DATA SECTION
#####

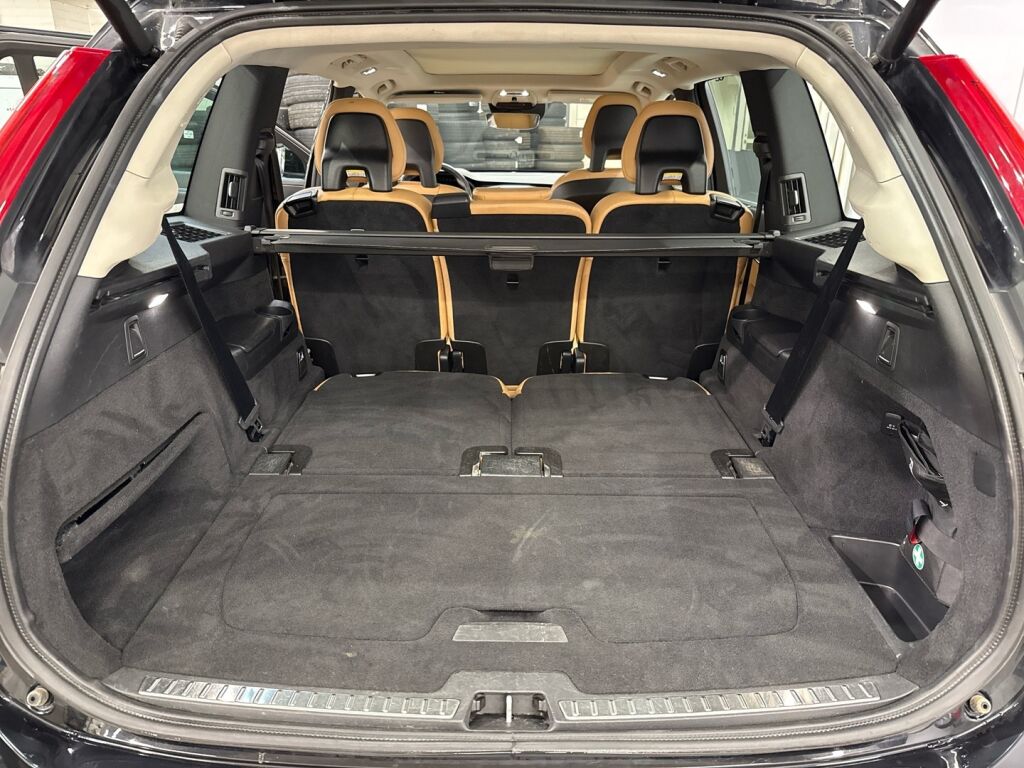 Volvo XC90 2016 Musta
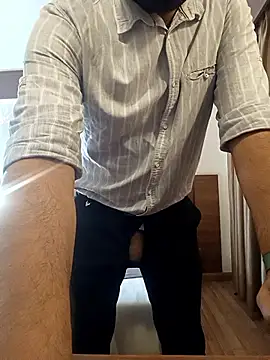 Daddyfuck34 online show from April 17, 2026, 4:37 am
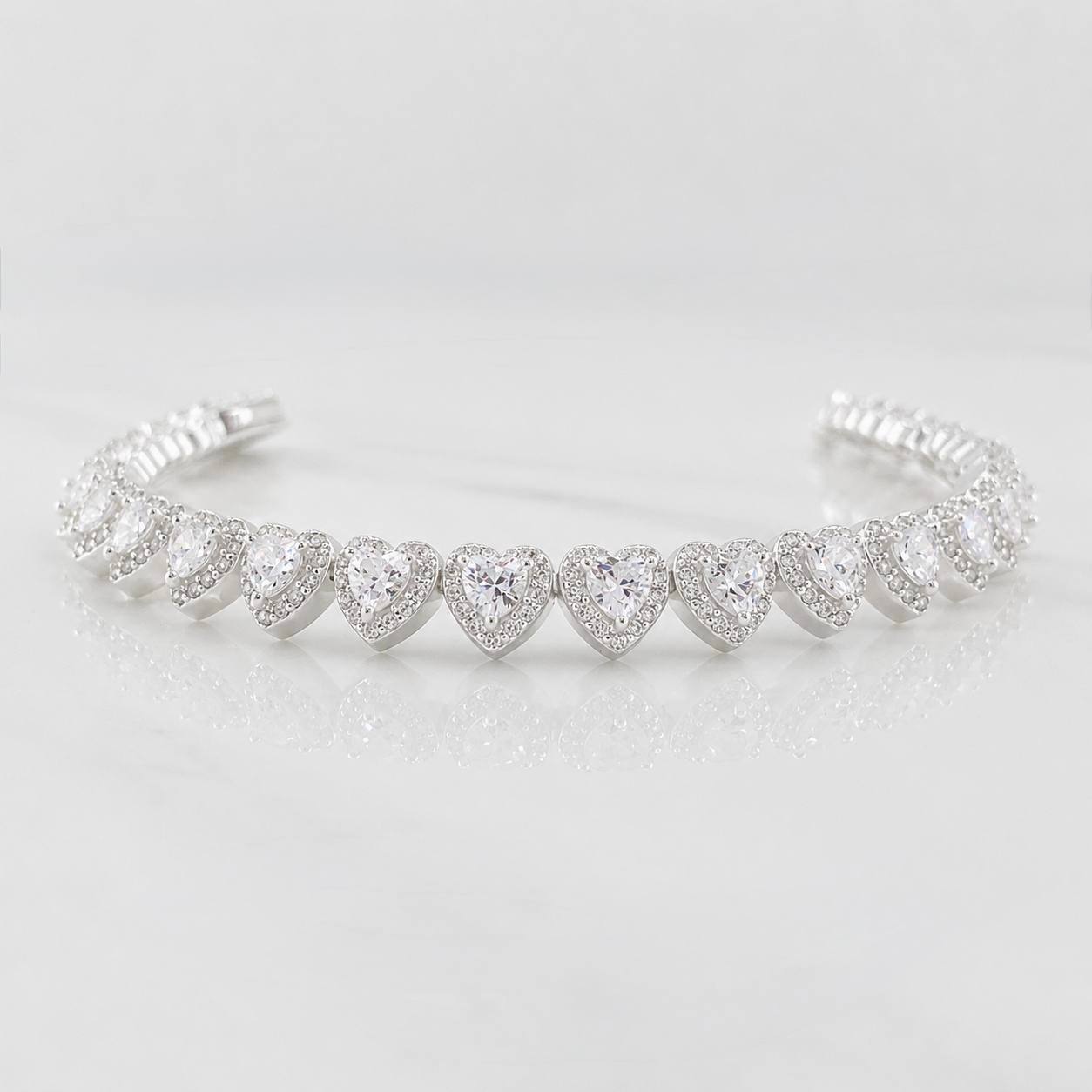 Pulso Corazones Seguidos 17.35g / 7 in / 8mm Plata 925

#####

EXERCISE BRIEF
Print the listing exactly, minus its pictures.

THE ANSWER
 Volvo XC90 2016 Musta
 Daddyfuck34 online show from April 17, 2026, 4:37 am
 Pulso Corazones Seguidos 17.35g / 7 in / 8mm Plata 925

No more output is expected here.